There's a Little Savannah in St. Francisville

Eccentricity as an art form unites two Southern cities—and underscores the Country Roads Supper Club this month.

James Fox Smith

For much of the twentieth century Georgia’s oldest city was arguably better known for what it had once been—an important nineteenth century seaport—than what it was by the time Lady Astor visited shortly after the Second World War and described the city as “a beautiful woman with a dirty face.” While the city’s historic core had been saved from the wrecking ball by decades of energetic preservation efforts, Savannah’s end-of-the-line location meant it was largely bypassed by America’s modern transportation infrastructure, rendering the city something of an architectural and cultural time capsule. As sometimes happens in such places, Savannah evolved its own unique set of cultural mores. Around the shaded squares, a peculiar mashup of high society tradition and port-city bohemianism evolved a symbiotic relationship. 

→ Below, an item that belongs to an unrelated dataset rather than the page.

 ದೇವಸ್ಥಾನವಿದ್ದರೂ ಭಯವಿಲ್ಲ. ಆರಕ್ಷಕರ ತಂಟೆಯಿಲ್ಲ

Savannah was awoken from its land-that-time-forgot reverie in 1994, when writer John Berendt’s Pulitzer Prize-winning Midnight in the Garden of Good and Evil burst onto the New York Times bestseller list, where it remained for a record 216 weeks. The non-fiction novel captured not only the faded semitropical grandeur of Georgia’s once-mighty port city, but also the gothic escapades of a bizarre cast of characters that called it home. Complete with old and new money, social upheaval, a redneck gigolo, a drag queen, voodoo, and a scandalous society murder, the story captivated the imagination of an America where regional distinctions were being erased by strip-mall homogenization, and resonated with an audience desperate to believe that places still existed where society mattered and eccentricity was elevated to an art form. The attention supercharged Savannah’s tourism economy and, indirectly at least, contributed to the public perception of the city as a place apart from everyday society—where the normal rules of engagement were written differently. What better place for the TV production company Bravo to base the garrulous new reality TV show it was planning? [Read more about that in this story: Southern Charm lives here too.]

If the description above reminds you of anywhere you know, perhaps it’s no surprise that, when Savannah designer, Southern Charm cast member, and inveterate entertainer Brandon Branch first alighted in St. Francisville he felt immediately at home. After all, he and his husband, Jim Johnston, had found themselves in another off-the-beaten-tracks Southern town festooned with Spanish moss, where historic houses lined the streets, parties were taken seriously, and a ten-room Gothic inn building whispered their names. Branch and Johnston bought the St. Francisville Inn and, over the course of a six-month makeover, have conducted a breathtaking restoration. So if, when you visit the St. Francisville Inn, you like the opulent Savannah style that’s reflected there, in a way you have not only Brandon Branch, but also John Berendt, to thank for it.